For most of the sermon, Father Mapple concentrates on the consequences of Jonah’s defying the Lord, and Jonah’s travails with the whale seem to be a foreboding of Ahab’s blasphemous attack on God through Moby Dick and the demise of the Pequod as a consequence.  The sermon thus seems to serve as a prequel to the Pequod crew’s trials and tribulations and the narration of Ishmael the Whaler.

But at the end of his sermon, Father Mapple emphasizes a second lesson of the Jonah story which opens up a new theme.  He notes that Jonah’s initial sin was in refusing to give the inhabitants of Nineveh some bad news from God for fear of their reaction against him.  Father Mapple then emphasizes that a person must not fail to tell what he thinks is the truth for fear of what the reaction of others might be.  This lesson seems to serve as a prequel to Ishmael’s role as a Prophet in his narration of the book and especially in his counter-narrative on whales and whaling.  Ishmael has a message that he must deliver to the whalers with whom he has been living and working: that whales are intelligent and sentient creatures and that killing them for profit is immoral.  He leads us to that message gradually and through story form rather than thundering at us as Father Mapple does in his sermon.  But the message is clear.
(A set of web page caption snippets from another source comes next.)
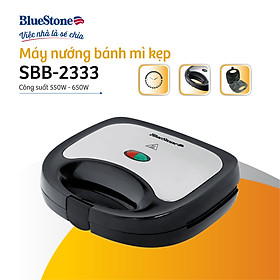 Máy Nướng Bánh Mì Kẹp BlueStone SBB-2333 (650W) - Hàng Chính Hãng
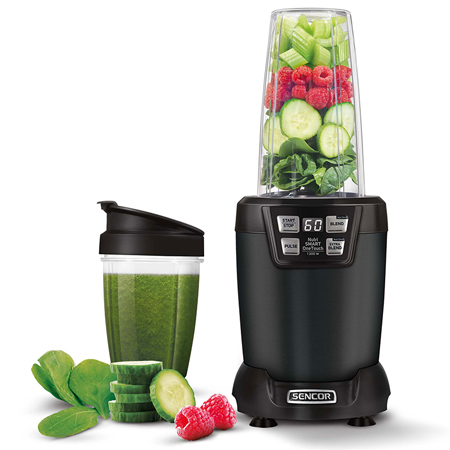 Echipamente Bucătărie - BLENDER NUTRI SMOOTHIE 1200 W SENCOR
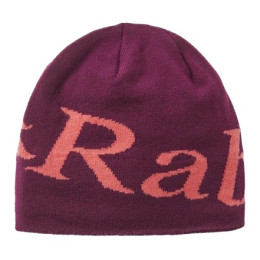 Шапка Rab Rab Logo Beanie бордовий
Ishmael’s developing crisis of conscience reflects many of the religious and ethical debates that  occurred during the mid-nineteenth century and that are still with us today.  The United States was in the midst of what has been called the Second Great Awakening.  This was an evangelical Christian upsurge that turned many people toward abolitionism and other humane reform movements and led many to rethink the place of humans in the universe.  They engaged in controversies over the nature and historical accuracy of the Bible, including debates over the Biblical Creation story versus pre-Darwinian theories of evolution, and whether God and God’s commands can ever be truly known by man.  Many of them spoke out despite the adverse and sometimes violent reactions of their fellow Americans.
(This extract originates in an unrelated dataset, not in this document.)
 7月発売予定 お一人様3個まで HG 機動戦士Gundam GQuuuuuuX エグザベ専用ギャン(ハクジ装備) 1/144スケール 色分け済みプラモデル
As the sole survivor of the Pequod’s destruction, Ishmael seems to feel that, like Jonah, he has been chosen to deliver a message to his fellow whalers and to humankind as a whole.  Ironically, Ishmael has gone to sea in order to avoid the social obligations and moral choices that he had to face as a landsman but finds that, like Jonah, he cannot run away from his obligations and must make the moral choice to deliver a message that his hearers might not like.

The message he delivers through his narration and comments on the story of Ahab and Moby Dick is that God is unfathomable but His creation is sacred.  That Biblical literalism will not get you to the Word of God.  That the difference between humans and other sentient creatures is not as great as it seems in the Bible and does not justify the oppression and murder of them.  That defying God through attacking His creatures is vain and self-destructive.  And, finally, that we must all learn to live together or we will perish together.  This message continues to be poignant, pertinent and controversial today.

Postscript: Finishing the book. 

Moby Dick is a book that is easy to pick up, but then easy to put down.  And I think most readers do just that, initially entranced by the antics of Ishmael and Queequeg, and then bored to death by the whale chapters.   So, I think that a key to finishing the book is to skim your way through the boring whale chapters.  Don’t get bogged down in the details of whale skeletons and whatever.  I don’t think, in any case, that you are expected to dwell on the whale chapters.  They are mainly symbolic and strategic.  They are part of the overall plan and arc of the story, and it is important to know what is their gist, but they are not important in themselves.